Brest : un avion disparaît des radars

Un avion a disparu des radars pendant plusieurs minutes fin juin, au-dessus de l'ouest de la France, a-t-on appris vendredi auprès d'un syndicat de contrôleurs aériens, qui a qualifié l'événement de "grave" et évoqué un risque de "collision".

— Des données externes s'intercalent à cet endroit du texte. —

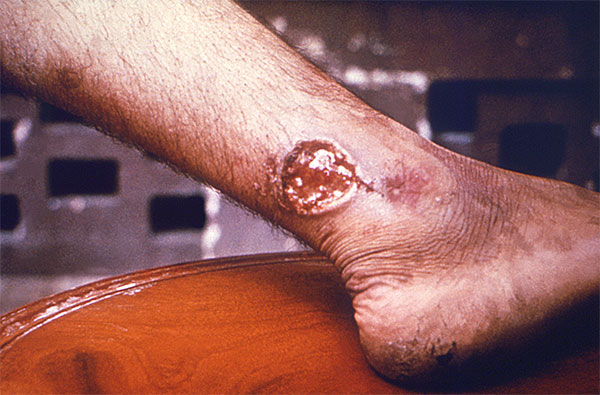 leishmaniasis_003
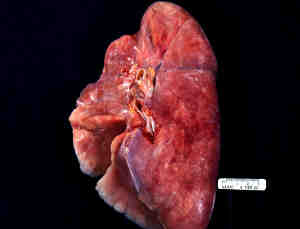 Lung.jpeg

Un avion a disparu des radars pendant plusieurs minutes fin juin, au-dessus de
l'ouest de la France
Un avion a disparu des radars pendant plusieurs minutes fin juin, au-dessus de l'ouest de la France © AFP

L'alerte est venue de l'équipage d'un autre avion, canadien, "qui nous a dit qu'il venait de croiser un aéronef, pour lui estimé à deux nautiques (un peu moins de quatre kilomètres, ndlr), et qu'il ne trouvait pas ça normal", a déclaré Stéphane Lesage, secrétaire de la section locale du syndicat Unsa-ICNA (3e représentatif chez les contrôleurs). C'était le 26 juin dernier.
 

Nous sommes passés proche d'une collision en vol


Le drame a peut-être été évité de justesse. Soudain privés de visibilité, rapporte Europe 1 qui a révélé l'affaire, les contrôleurs aériens auraient pu assister, impuissants, à une collision entre deux appareils. 
 

Que s'est-il passé?


Dans la nuit du 25 au 26 juin, une mise à jour du système de traitement des plans de vol (appelé STIP) a entraîné "certains dysfonctionnements", a pour sa part indiqué la DGAC. Il a alors été décidé de revenir à la version antérieure. Mais "une succession d'événements, dont certains consécutifs au problème technique STIP", ont conduit, dans la journée du 26 juin, "à un défaut de visualisation d'un vol traversant les espaces contrôlés par le centre" de contrôle de Brest,et ce pendant "une dizaine de minutes", selon la DGAC.
 

Un avion venu d'Espagne


Le 26 juin, cet avion venu d'Espagne "a traversé nos espaces quasiment en intégralité", selon M. Lesage. "On l'a perdu dans le Golfe de Gascogne, jusqu'au milieu de la Manche", a-t-il précisé. L'"interface électronique" du centre de contrôle "est appuyée sur un système qui date des années 90" et "pas conçu du tout pour durer aussi longtemps et traiter autant de trafic", a jugé le responsable syndical. "Le niveau de sécurité en France n'a jamais été aussi bon", a tenu de son côté à rappeler Loïc Parisi, pour le SNCTA (majoritaire), qualifiant toutefois cet événement de "sérieux". "Il y a un programme de modernisation des outils de traitement des plans de vol (...) qui est en retard sur les prévisions de déploiement, le SNCTA le regrette", a-t-il précisé.

 

Matériel obsolète


"Cet incident a généré une diminution de l'espacement réglementaire entre deux avions, alors séparés de cinq kilomètres", soit "60% de la norme habituelle qui est de neuf kilomètres", détaille-t-elle. Le système d'alerte embarqué (TCAS) "a parfaitement fonctionné" et "suite à l'alerte reportée, le contrôleur aérien a forcé sa visualisation sur l'écran radar", ajoute-t-elle. 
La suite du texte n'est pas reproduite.